The simple answer to Gulf is that it has misread the Petroleum Products case. There, the court noted that courts had disagreed as to the correct answer to the problem we faced, see 691 F.2d at 1339-40, but stated that it
need not decide, however, whether, in a situation involving a single level of distribution, a single class of direct purchasers from non-conspiring competitors of the defendants can assert claims for damages against price-fixing defendants under an umbrella theory. In the case before us, the umbrella claimants purchased gasoline from marketers who, in turn, purchased their gasoline from independent refiners. These independent refiners manufactured a percentage of the independent marketers’ supply and brokered the remainder of the marketers’ supply from major refiners, i.e., the defendants.
Id. at 1340.
Thus, Petroleum Products involved plaintiffs that, unlike TVA, were not direct purchasers who had directly paid the alleged overcharges. As a result, “the overcharge to plaintiffs may simply result from a pass-on of the original unlawfully inflated price. If so, it falls squarely within Illinois Brick.” Id. Moreover, since the case did not involve direct purchasers, it involved the risk of double recovery and the difficulty in tracing the effect of a pricing decision through various distribution chains which were condemned in Illinois Brick. See id. at 1340-41. This case involves a direct purchaser, presenting the very issue the Petroleum Products court expressly declined to decide. None of the problems of proof noted in that case are present here. Petroleum Products simply is not pertinent to the case at hand.

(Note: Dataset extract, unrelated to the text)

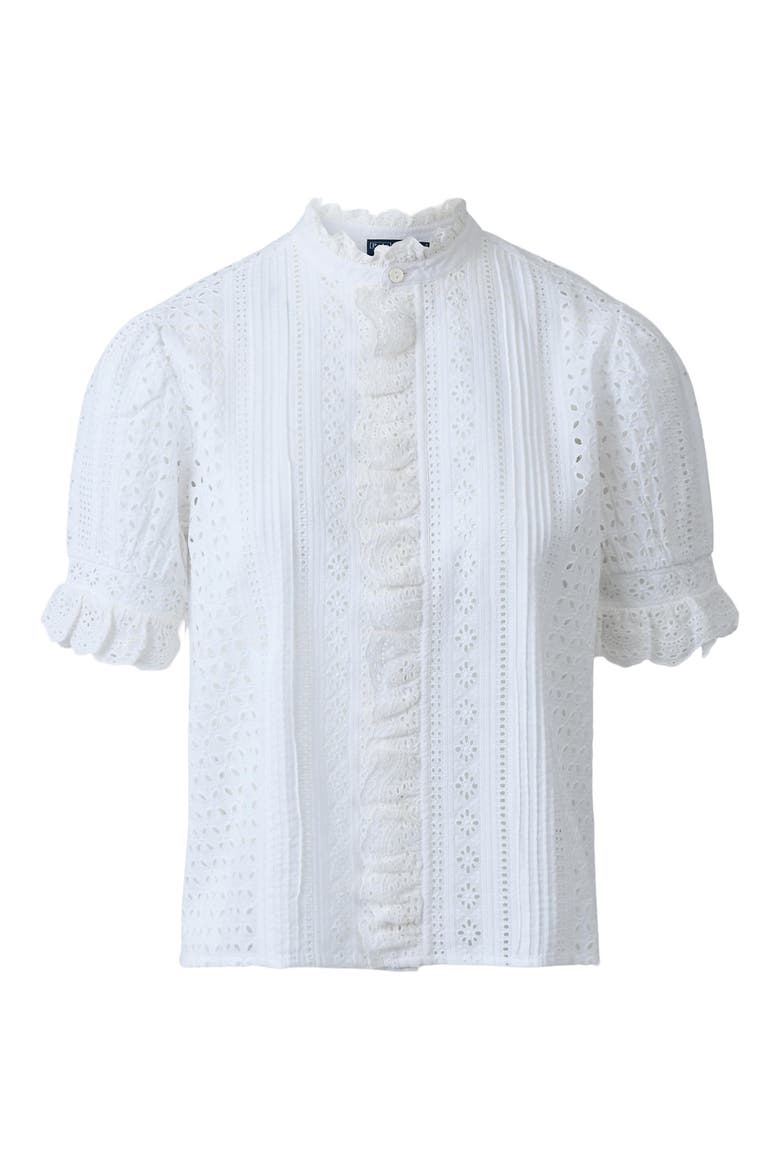 Cotton Eyelet Button-Up Shirt, Alternate, color, WHITE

The condition of our calendar is such that we will be unable to try this case (which has been transferred here with the consent of the parties pursuant to 28 U.S.C. § 1404(a) (1976)) until October, 1983. In these circumstances an interlocutory appeal at this time will not result in a delay of the ultimate resolution of the ease. And a certified interlocutory appeal under 28 U.S.C. § 1292(b) (1976) of the issue of measure of damages may materially advance the ultimate resolution of the litigation because the proper measure of damages is always a controlling question of law in cases of this kind.

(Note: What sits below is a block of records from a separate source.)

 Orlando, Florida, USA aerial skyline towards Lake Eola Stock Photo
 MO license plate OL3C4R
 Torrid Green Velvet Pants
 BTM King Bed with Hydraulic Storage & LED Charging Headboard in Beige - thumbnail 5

While we believe that we have fairly considered and properly rejected defendants’ contentions advanced under Illinois Brick and Mid-West Paper Products Co. v. Continental Group, Inc., 596 F.2d 573 (3d Cir.1979), we recognize that there is substantial ground for difference of opinion on the subject. Accordingly, we certify for immediate appeal our order of September 24, 1982 denying defendants’ motion for partial summary judgment as it decides a controlling question of law as to which there is substantial ground for disagreement and an immediate appeal therefrom may materially advance the ultimate termination of the litigation. 28 U.S.C. § 1292(b).